▶ Exercise data:
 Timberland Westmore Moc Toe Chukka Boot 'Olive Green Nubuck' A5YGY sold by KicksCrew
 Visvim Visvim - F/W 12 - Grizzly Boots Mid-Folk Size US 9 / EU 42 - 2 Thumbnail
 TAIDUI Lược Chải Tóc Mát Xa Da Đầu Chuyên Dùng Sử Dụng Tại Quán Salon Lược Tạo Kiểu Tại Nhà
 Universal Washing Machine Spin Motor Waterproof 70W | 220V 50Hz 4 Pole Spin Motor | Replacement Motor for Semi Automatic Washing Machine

* * *

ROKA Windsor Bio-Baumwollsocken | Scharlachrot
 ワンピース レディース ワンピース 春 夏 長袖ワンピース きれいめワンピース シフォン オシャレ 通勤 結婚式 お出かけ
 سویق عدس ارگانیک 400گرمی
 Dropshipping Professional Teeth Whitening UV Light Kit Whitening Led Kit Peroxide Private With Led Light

--

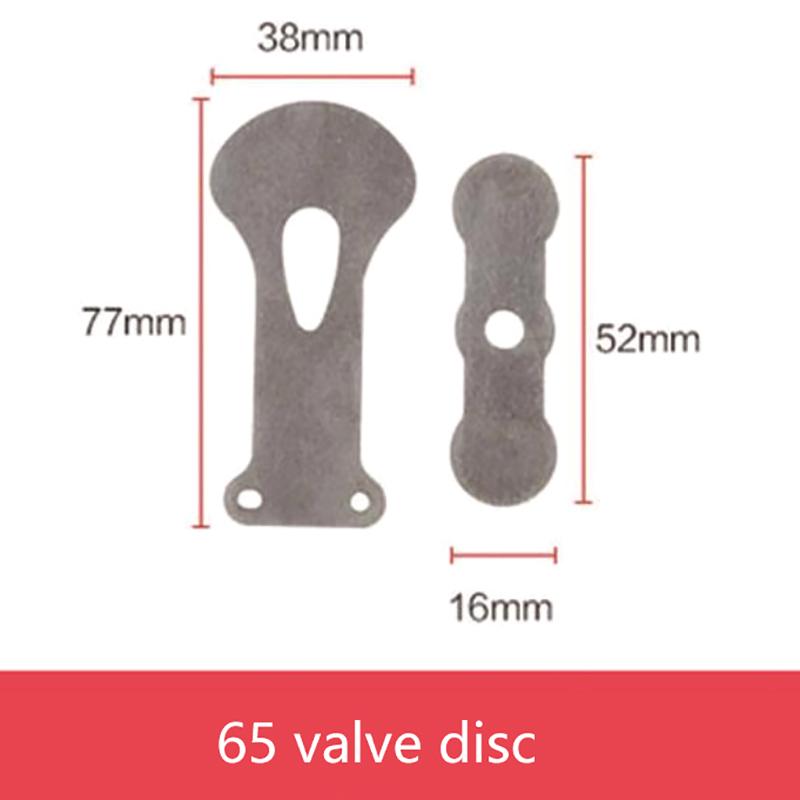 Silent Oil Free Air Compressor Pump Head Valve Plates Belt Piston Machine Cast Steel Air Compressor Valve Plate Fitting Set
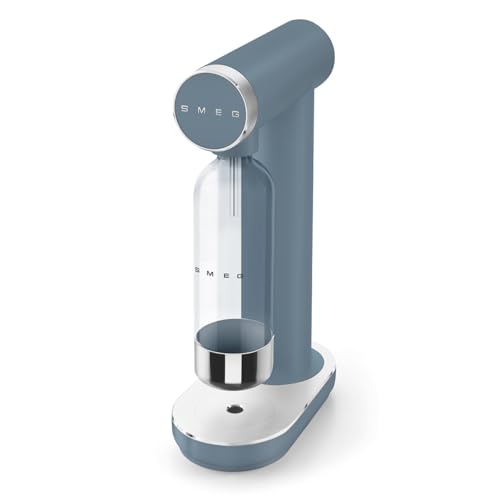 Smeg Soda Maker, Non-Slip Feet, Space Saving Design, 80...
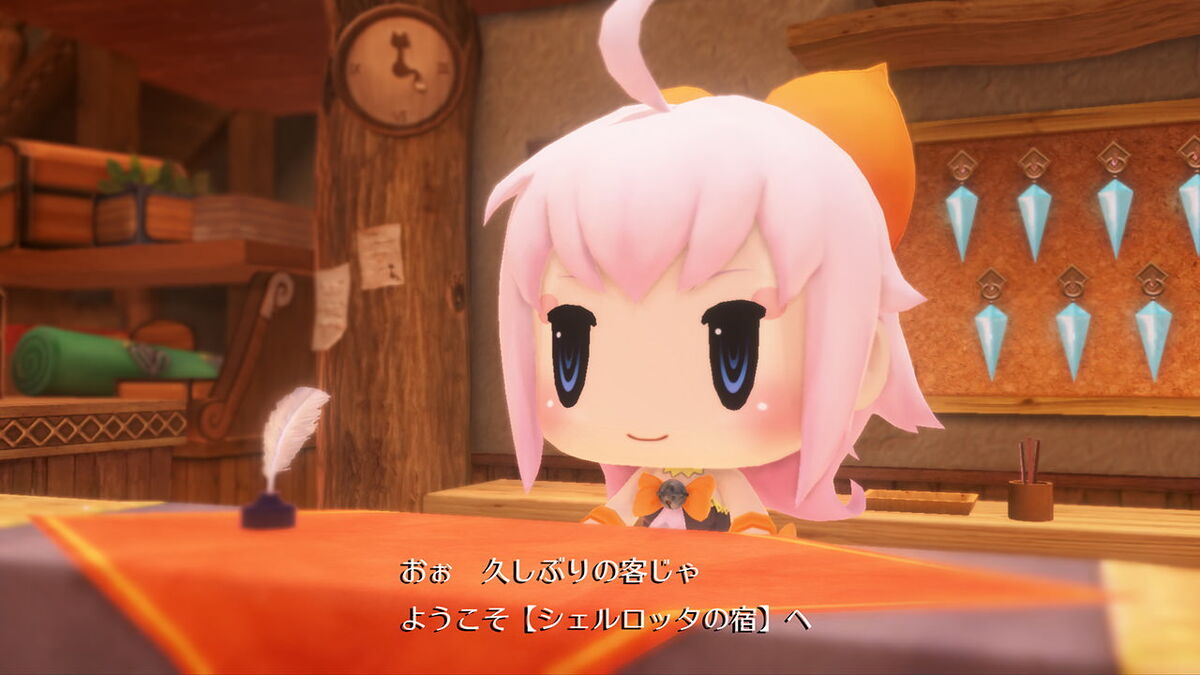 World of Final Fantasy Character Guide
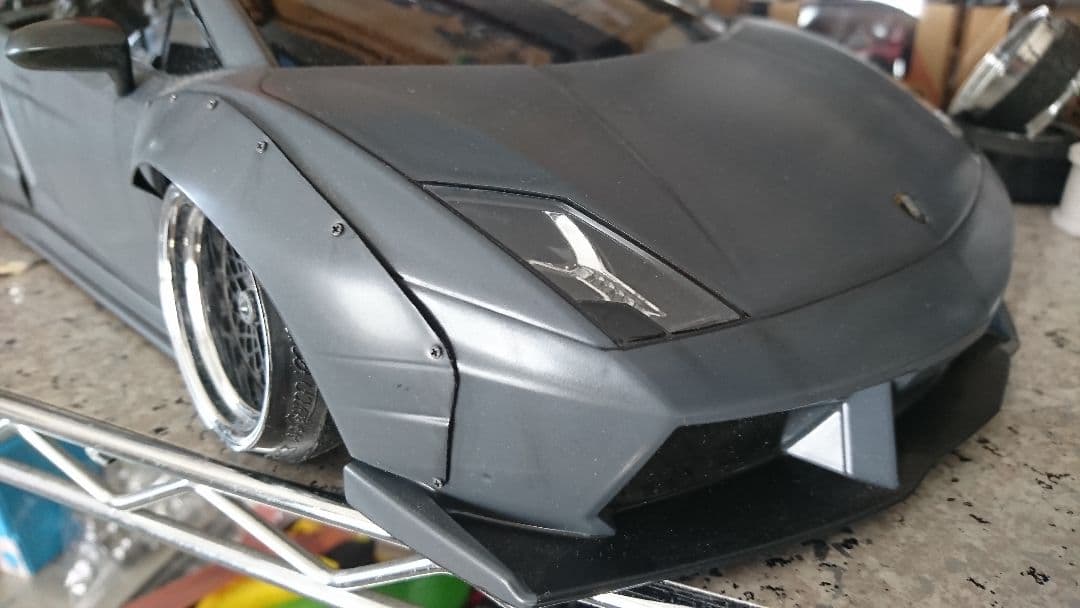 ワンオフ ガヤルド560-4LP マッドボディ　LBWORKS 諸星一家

▶ Exercise prompt: Reproduce word for word the material above, beginning with the line that contains "سویق عدس ارگانیک 400گرمی" and ending with the line that contains "Dropshipping Professional Teeth".

▶ Result for this exercise:
 سویق عدس ارگانیک 400گرمی
 Dropshipping Professional Teeth Whitening UV Light Kit Whitening Led Kit Peroxide Private With Led Light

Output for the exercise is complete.